Crédit photo : Lauren Green
Y a-t-il une différence entre capture de mouvements et capture de performance ? Qu'est-ce qui fait la spécificité de la capture de performance ?
TL : Certaines personnes confondent parfois capture de mouvements et capture de performance, alors que la différence entre les deux technologies est plutôt marquée. La capture de mouvements se contente de suivre les mouvements d'un comédien, tandis que la capture de performance a vocation à capter les mouvements du corps, ceux du visage, mais aussi la voix du comédien.

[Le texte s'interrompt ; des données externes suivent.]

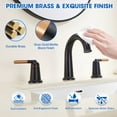 thumbnail image 4 of Wowkk Sanitary Ware Brass Bathroom Sink Faucet 2 Handles Widespread Bathroom Faucet 3 Hole, Pop-Up Drain and cUPC Supply Lines Included, Basin Faucets for Vanity Rv Restroom, Rose Gold Matte Black, 4 of 11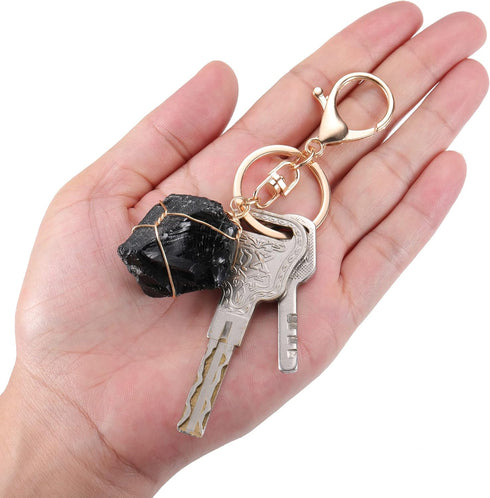 Jovivi Natural Raw Quartz Crystal Stone Keychain Wire Wrapped Irregular Rough Gemstone Healing Crystal Keyring for Women Men...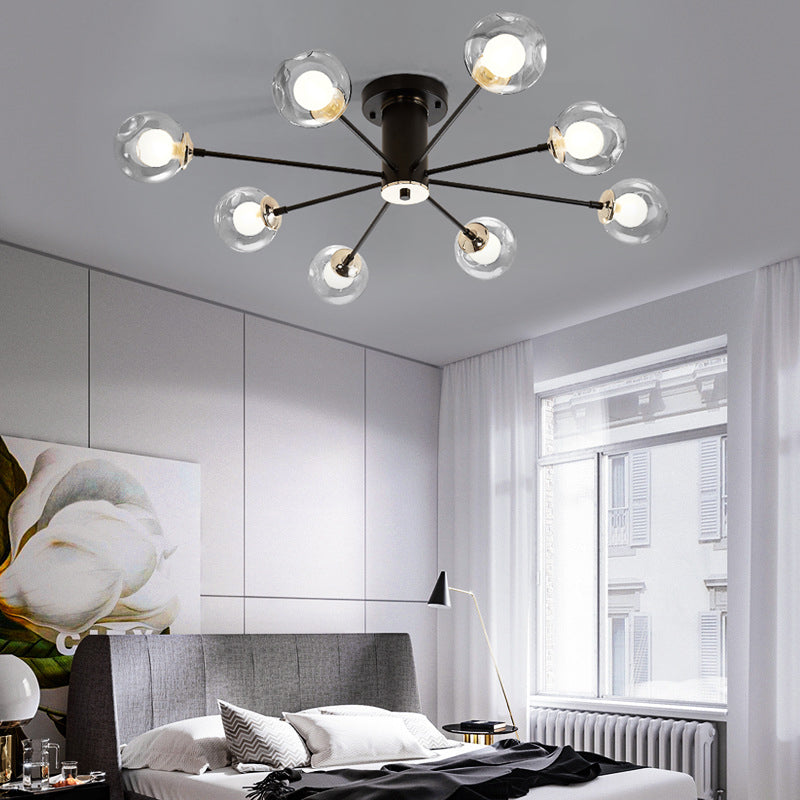 Iron Sputnik Ceiling Mounted Lamp Modern 8/10 Lights Black/White Semi Flush Pendant with Clear Glass Shade 8 Black Clearhalo 'Ceiling Lights' 'Close To Ceiling Lights' 'Close to ceiling' 'Glass shade' 'Glass' 'Semi-flushmount' Lighting' 163341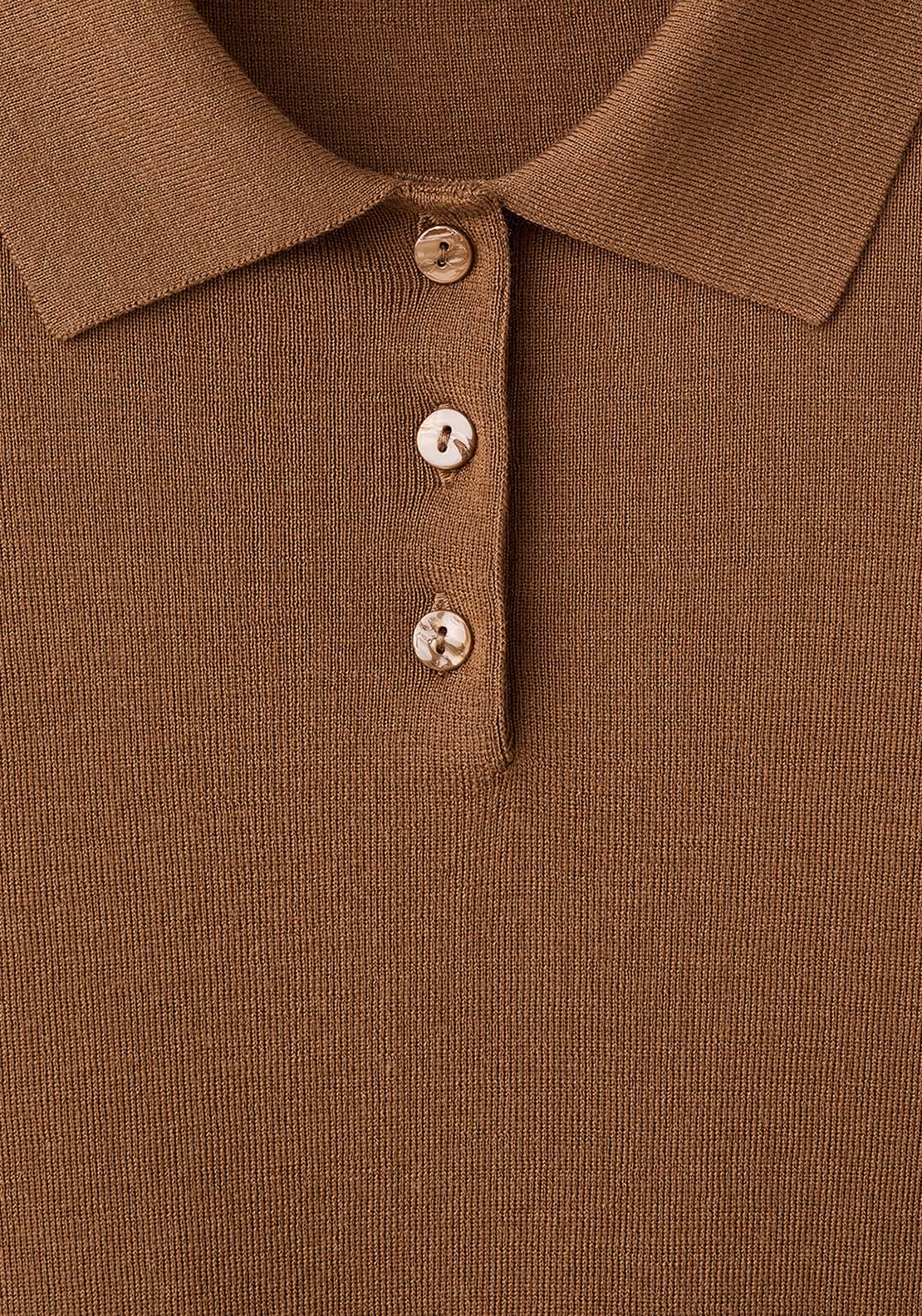 Polo Collar Wool Sweater - Brown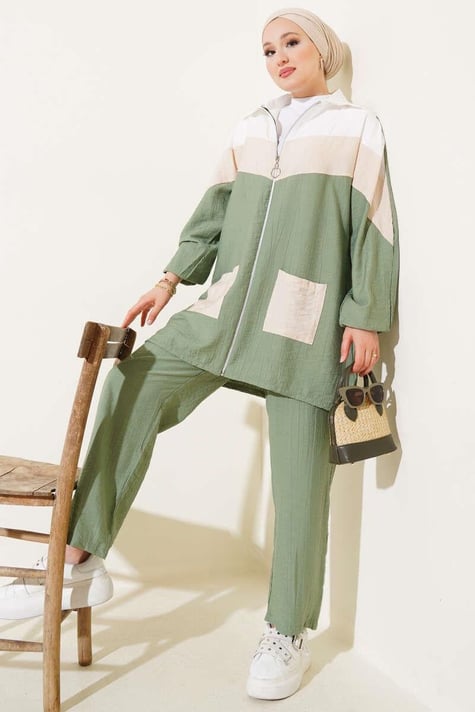 Garnished Front Zippered 2 Piece Set Almond Green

L'industrie a toujours utilisé l'appellation "capture de mouvements", et c'est quelque chose qui relève véritablement de la prouesse artistique. Chez Ubisoft, on va plus loin que ça et on s'attache à capturer une performance complète. Le terme "capture de performance", ou "pcap" (pour performance capture), est sur toutes les lèvres de nos jours. On a conservé les deux termes, mais ils n'impliquent clairement pas les mêmes choses.
Comment la capture de performance a-t-elle évolué ces dernières années, avec les différentes avancées technologiques ?
TL : La technologie a toujours été au cœur de la capture et elle occupe aujourd'hui une place cruciale. Comme notre studio génère de plus en plus de données (plus d'un téraoctet par semaine de capture en tous genres, de caméras de référence, de caméras embarquées et de données audio), on doit trouver le moyen de mieux les traiter et de les faire parvenir en bon ordre à nos graphistes. Dans certains cas, on fait désormais appel aux technologies d'apprentissage automatique pour gérer les données et les envoyer plus rapidement à nos animateurs, ce qui leur laisse plus de temps pour peaufiner les animations que vous retrouvez dans nos jeux.
Quand on filme, on utilise nos moteurs de jeu pour visualiser les performances au sein même de nos environnements virtuels. C'est une approche qui permet d'obtenir un meilleur niveau de contact et d'interaction entre la performance et les éléments de l'environnement.
__Selon vous, quelle sera la prochaine étape de l'évolution de cette technologie ? __
TL : Aujourd'hui, on sait capturer les mouvements sans aucun problème, mais je suis vraiment curieux de voir comment la technologie va nous permettre de progresser dans la capture des expressions du visage ou celle des cheveux, pour créer des avatars virtuels encore plus réalistes. On utilise actuellement des caméras embarquées (HMC pour "head-mounted camera") pour capturer les expressions du visage. Mais à l'avenir, ce serait intéressant d'avoir une technologie qui nous permettrait de nous affranchir de ce type d'équipement. Ça éviterait aux comédiens d'avoir à se balader avec une caméra sur la tête, ça leur donnerait plus de liberté et ça améliorerait sûrement encore davantage la qualité de leur jeu.